- _BRIEF_: Exactly as written, copy the lines that run from the start of the data below to the line containing "old swan statue against the potter", both ends included.

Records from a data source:
▬▬▬▬▬▬
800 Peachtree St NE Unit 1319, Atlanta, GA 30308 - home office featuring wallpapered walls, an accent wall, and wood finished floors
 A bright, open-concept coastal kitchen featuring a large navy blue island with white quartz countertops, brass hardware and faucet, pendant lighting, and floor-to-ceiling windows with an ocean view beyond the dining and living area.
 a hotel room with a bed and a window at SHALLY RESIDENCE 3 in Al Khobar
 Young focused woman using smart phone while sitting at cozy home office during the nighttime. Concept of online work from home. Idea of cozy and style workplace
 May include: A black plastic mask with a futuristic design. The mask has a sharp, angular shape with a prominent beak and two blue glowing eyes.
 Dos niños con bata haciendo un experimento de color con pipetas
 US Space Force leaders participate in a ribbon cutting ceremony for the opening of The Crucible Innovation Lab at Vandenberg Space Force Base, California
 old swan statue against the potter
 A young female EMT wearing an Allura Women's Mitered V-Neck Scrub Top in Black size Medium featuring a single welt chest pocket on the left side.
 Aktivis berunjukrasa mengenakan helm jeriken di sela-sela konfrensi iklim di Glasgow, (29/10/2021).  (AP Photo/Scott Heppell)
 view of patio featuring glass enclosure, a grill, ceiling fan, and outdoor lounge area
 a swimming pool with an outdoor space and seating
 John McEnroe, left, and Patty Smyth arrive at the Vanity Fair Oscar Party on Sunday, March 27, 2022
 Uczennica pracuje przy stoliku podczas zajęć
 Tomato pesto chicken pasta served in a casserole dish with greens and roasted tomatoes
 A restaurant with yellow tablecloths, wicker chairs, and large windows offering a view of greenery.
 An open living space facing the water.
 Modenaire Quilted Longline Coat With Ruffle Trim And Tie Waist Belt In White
▬▬▬▬▬▬
- _TASK OUTPUT_:
800 Peachtree St NE Unit 1319, Atlanta, GA 30308 - home office featuring wallpapered walls, an accent wall, and wood finished floors
 A bright, open-concept coastal kitchen featuring a large navy blue island with white quartz countertops, brass hardware and faucet, pendant lighting, and floor-to-ceiling windows with an ocean view beyond the dining and living area.
 a hotel room with a bed and a window at SHALLY RESIDENCE 3 in Al Khobar
 Young focused woman using smart phone while sitting at cozy home office during the nighttime. Concept of online work from home. Idea of cozy and style workplace
 May include: A black plastic mask with a futuristic design. The mask has a sharp, angular shape with a prominent beak and two blue glowing eyes.
 Dos niños con bata haciendo un experimento de color con pipetas
 US Space Force leaders participate in a ribbon cutting ceremony for the opening of The Crucible Innovation Lab at Vandenberg Space Force Base, California
 old swan statue against the potter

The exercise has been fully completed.